Many patients and parents often ask me, “Why did you become interested in vision therapy?” While it brings me joy to help patients see in 3D for the first time or help a patient eliminate double vision, many people are surprised to hear that those are not why I chose to specialize in this field. The thing I love the most is watching the emotional transformation that occurs while they are working on achieving a stable binocular system.
Binocular visual performance can have a huge impact on quality of life. When a person’s two eyes are not working together, the visual system is giving them inaccurate information (double vision, poor depth perception, words moving on the page, poor visual processing, etc.), they learn not to trust what they see, throwing their whole body into “fight or flight” mode. Being in this state for extended periods can be exhausting mentally, physically, and emotionally. During my initial comprehensive evaluation with a child or adult with binocular vision problems, a common thread expressed in their history is that they are struggling with anxiety/depression and low self-confidence. This shows up frequently when patients have binocular vision-related reading struggles, eye teaming failure (Strabismus), lazy eye (Amblyopia), and especially those with persistent symptoms after a mild traumatic brain injury or concussion.

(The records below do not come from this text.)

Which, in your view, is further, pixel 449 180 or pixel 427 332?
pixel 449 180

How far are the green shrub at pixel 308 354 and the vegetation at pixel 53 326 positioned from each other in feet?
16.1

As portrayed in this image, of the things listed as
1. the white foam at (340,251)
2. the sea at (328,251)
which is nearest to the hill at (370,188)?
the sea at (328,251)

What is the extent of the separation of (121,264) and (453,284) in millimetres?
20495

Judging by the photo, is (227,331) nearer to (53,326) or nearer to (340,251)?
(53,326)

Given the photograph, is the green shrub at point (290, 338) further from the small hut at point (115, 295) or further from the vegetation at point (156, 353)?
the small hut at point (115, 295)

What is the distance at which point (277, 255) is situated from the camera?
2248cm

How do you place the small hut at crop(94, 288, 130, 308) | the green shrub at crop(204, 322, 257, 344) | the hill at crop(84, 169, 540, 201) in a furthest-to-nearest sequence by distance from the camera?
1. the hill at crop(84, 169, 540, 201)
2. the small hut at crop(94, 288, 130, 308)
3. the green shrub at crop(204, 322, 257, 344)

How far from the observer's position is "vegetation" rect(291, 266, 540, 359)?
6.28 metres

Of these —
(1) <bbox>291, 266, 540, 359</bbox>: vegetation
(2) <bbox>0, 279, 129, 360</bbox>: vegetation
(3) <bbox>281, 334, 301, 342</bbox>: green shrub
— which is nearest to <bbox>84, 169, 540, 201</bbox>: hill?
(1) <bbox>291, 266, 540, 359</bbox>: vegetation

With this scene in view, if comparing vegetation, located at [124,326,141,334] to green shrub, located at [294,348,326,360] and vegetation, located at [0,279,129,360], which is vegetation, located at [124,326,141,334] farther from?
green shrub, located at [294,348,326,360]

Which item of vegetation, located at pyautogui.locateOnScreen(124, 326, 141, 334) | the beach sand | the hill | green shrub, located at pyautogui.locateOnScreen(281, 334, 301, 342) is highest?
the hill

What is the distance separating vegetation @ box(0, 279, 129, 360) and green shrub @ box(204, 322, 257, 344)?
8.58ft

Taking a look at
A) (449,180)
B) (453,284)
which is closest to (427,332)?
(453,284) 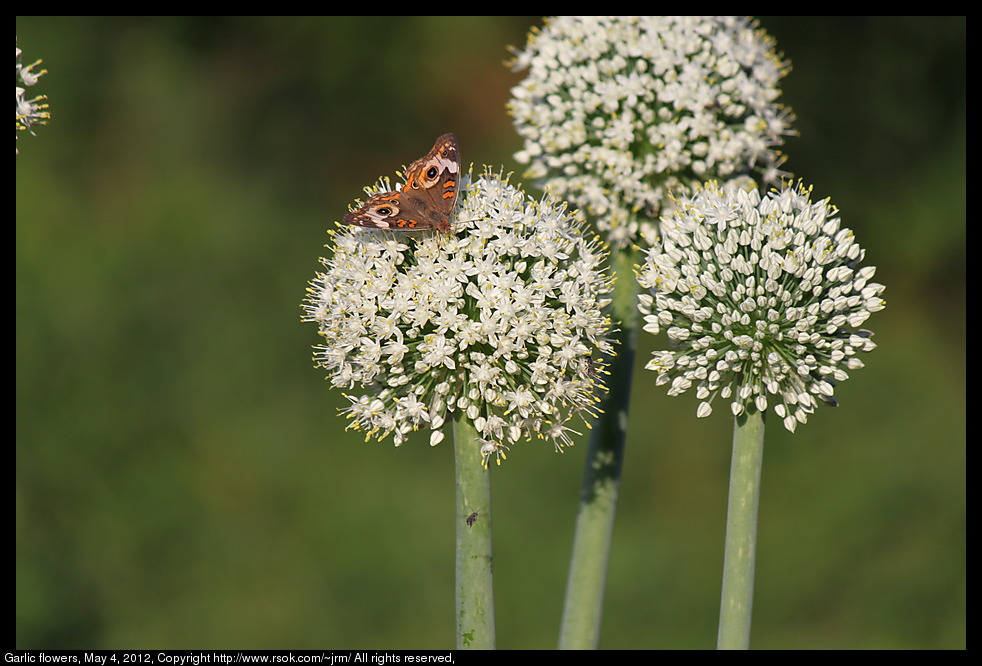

Because of this link between binocular vision problems and their connection to emotional wellness, I was thrilled when Grand Valley State University’s Social Workers Continuing Education Program asked me to provide an in-depth 3-hour lecture to their members. On February 11, 2022, I presented: The Effects of Binocular Vision Dysfunctions on Socio-Emotional Development. I think it is crucial to help get more information out to colleagues in other specialties about what to look for regarding binocular vision and socio-emotional wellness. The more we collaborate, the more people we will be able to help, improving their quality of life.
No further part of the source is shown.